Trends in Machine Learning Hardware
FLOP/s performance in 47 ML hardware accelerators doubled every 2.3 years. Switching from FP32 to tensor-FP16 led to a further 10x performance increase. Memory capacity and bandwidth doubled every 4 years.
Published
Resources
This report was originally published on Nov 09, 2023. For the latest research and updates on this subject, please see: Data on Machine Learning Hardware.
Executive summary
We study the performance of GPUs for computational performance across different number representations, memory capacities and bandwidth, and interconnect bandwidth using a dataset of 47 ML accelerators (GPUs and other AI chips) commonly used in ML experiments from 2010-2023, plus 1,948 additional GPUs from 2006-2021. Our main findings are:
- Lower-precision number formats like 16-bit floating point (FP16) and 8-bit integers (INT8), combined with specialized tensor core units, can provide order-of-magnitude performance improvements for machine learning workloads compared to traditionally used 32-bit floating point (FP32). For example, we estimate, though using limited amounts of data, that using tensor-FP16 can provide roughly 10x speedup compared to FP32.

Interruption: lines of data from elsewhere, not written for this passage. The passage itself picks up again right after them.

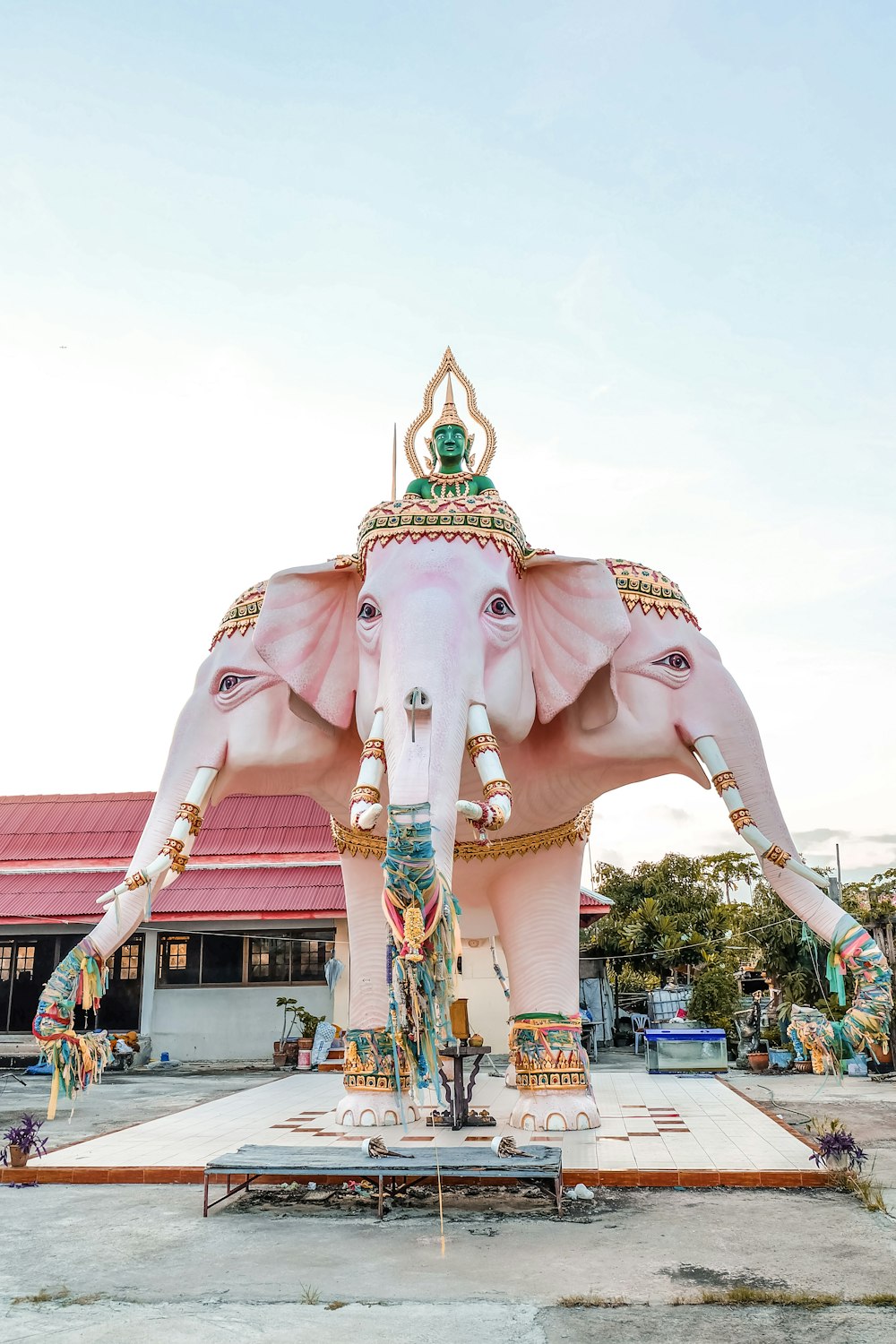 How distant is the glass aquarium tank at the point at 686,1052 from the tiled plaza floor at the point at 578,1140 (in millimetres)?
2076

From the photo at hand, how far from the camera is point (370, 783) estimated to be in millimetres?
5973

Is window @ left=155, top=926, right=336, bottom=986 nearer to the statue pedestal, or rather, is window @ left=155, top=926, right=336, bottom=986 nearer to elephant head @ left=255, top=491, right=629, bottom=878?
the statue pedestal

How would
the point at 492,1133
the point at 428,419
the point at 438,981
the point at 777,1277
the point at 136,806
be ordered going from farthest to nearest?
1. the point at 136,806
2. the point at 428,419
3. the point at 492,1133
4. the point at 438,981
5. the point at 777,1277

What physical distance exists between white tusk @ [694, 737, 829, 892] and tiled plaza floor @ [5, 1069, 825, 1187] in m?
1.78

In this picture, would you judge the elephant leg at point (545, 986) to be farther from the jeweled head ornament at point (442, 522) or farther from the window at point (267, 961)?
the window at point (267, 961)

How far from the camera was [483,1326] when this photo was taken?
404 centimetres

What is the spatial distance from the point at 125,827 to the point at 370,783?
44.2 ft

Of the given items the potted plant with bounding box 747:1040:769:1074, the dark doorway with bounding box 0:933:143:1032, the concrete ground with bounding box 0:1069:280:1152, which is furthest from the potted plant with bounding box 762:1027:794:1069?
the dark doorway with bounding box 0:933:143:1032

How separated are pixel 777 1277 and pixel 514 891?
393 centimetres

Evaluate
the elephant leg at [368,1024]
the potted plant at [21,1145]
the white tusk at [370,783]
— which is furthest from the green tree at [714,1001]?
the white tusk at [370,783]

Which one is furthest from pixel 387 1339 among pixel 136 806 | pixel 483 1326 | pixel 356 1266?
pixel 136 806

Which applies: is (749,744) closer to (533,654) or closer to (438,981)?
(533,654)

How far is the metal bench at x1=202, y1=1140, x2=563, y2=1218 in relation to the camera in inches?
228

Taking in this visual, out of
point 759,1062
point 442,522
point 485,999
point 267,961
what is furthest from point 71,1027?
point 759,1062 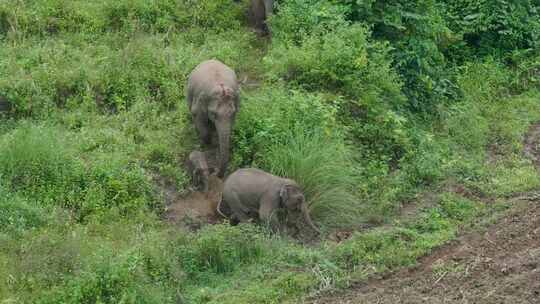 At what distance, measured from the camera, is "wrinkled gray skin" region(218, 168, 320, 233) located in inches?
424

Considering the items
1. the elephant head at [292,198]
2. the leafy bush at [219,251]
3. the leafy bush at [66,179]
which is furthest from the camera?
the leafy bush at [66,179]

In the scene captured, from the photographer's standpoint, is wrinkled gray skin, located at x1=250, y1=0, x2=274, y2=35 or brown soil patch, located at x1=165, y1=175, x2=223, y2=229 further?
wrinkled gray skin, located at x1=250, y1=0, x2=274, y2=35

- Given that the overall performance of large hardware clusters for state-of-the-art ML model training and inference depends on factors beyond just computational performance, we investigate memory capacity, memory bandwidth and interconnects, and find that:
- Memory capacity is doubling every ~4 years and memory bandwidth every ~4.1 years. They have increased at a slower rate than computational performance which doubles every ~2.3 years. This is a common finding and often described as the memory wall.
- The latest ML hardware often comes with proprietary chip-to-chip interconnect protocols (Nvidia’s NVLink or Google’s TPU’s ICI) that offer higher communication bandwidth between chips compared to the PCI Express (PCIe). For example, NVLink in H100 supports 7x the bandwidth of PCIe 5.0.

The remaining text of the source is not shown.